■ **Work required**:
Repeat the entries beneath in their entirety, precisely as given.

(Short text fragments from websites)
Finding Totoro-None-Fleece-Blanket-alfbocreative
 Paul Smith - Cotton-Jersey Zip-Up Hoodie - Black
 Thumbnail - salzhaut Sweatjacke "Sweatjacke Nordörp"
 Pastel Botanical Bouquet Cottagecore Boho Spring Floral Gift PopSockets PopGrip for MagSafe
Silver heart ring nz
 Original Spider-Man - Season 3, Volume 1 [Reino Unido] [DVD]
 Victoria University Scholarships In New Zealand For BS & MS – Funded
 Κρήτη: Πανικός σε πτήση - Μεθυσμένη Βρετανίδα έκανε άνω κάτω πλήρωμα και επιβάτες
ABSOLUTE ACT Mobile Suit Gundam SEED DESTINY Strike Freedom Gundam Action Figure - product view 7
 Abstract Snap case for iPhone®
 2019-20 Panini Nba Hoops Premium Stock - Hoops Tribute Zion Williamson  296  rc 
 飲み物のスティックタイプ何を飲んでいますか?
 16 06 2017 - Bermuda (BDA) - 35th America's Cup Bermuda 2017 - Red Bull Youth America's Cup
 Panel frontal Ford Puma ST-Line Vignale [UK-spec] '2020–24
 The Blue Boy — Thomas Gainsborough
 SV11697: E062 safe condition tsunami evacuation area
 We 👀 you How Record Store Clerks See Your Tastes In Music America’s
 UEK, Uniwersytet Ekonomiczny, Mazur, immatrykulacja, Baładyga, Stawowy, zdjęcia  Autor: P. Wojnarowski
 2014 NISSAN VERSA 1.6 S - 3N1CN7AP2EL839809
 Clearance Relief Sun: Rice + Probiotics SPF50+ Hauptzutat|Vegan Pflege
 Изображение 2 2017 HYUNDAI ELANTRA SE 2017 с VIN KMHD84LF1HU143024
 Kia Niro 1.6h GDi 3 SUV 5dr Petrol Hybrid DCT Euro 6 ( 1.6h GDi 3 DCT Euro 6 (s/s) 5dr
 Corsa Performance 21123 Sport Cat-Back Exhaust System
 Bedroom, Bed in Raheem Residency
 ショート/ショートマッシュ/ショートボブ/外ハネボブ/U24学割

■ **Finished task**:
Finding Totoro-None-Fleece-Blanket-alfbocreative
 Paul Smith - Cotton-Jersey Zip-Up Hoodie - Black
 Thumbnail - salzhaut Sweatjacke "Sweatjacke Nordörp"
 Pastel Botanical Bouquet Cottagecore Boho Spring Floral Gift PopSockets PopGrip for MagSafe
Silver heart ring nz
 Original Spider-Man - Season 3, Volume 1 [Reino Unido] [DVD]
 Victoria University Scholarships In New Zealand For BS & MS – Funded
 Κρήτη: Πανικός σε πτήση - Μεθυσμένη Βρετανίδα έκανε άνω κάτω πλήρωμα και επιβάτες
ABSOLUTE ACT Mobile Suit Gundam SEED DESTINY Strike Freedom Gundam Action Figure - product view 7
 Abstract Snap case for iPhone®
 2019-20 Panini Nba Hoops Premium Stock - Hoops Tribute Zion Williamson  296  rc 
 飲み物のスティックタイプ何を飲んでいますか?
 16 06 2017 - Bermuda (BDA) - 35th America's Cup Bermuda 2017 - Red Bull Youth America's Cup
 Panel frontal Ford Puma ST-Line Vignale [UK-spec] '2020–24
 The Blue Boy — Thomas Gainsborough
 SV11697: E062 safe condition tsunami evacuation area
 We 👀 you How Record Store Clerks See Your Tastes In Music America’s
 UEK, Uniwersytet Ekonomiczny, Mazur, immatrykulacja, Baładyga, Stawowy, zdjęcia  Autor: P. Wojnarowski
 2014 NISSAN VERSA 1.6 S - 3N1CN7AP2EL839809
 Clearance Relief Sun: Rice + Probiotics SPF50+ Hauptzutat|Vegan Pflege
 Изображение 2 2017 HYUNDAI ELANTRA SE 2017 с VIN KMHD84LF1HU143024
 Kia Niro 1.6h GDi 3 SUV 5dr Petrol Hybrid DCT Euro 6 ( 1.6h GDi 3 DCT Euro 6 (s/s) 5dr
 Corsa Performance 21123 Sport Cat-Back Exhaust System
 Bedroom, Bed in Raheem Residency
 ショート/ショートマッシュ/ショートボブ/外ハネボブ/U24学割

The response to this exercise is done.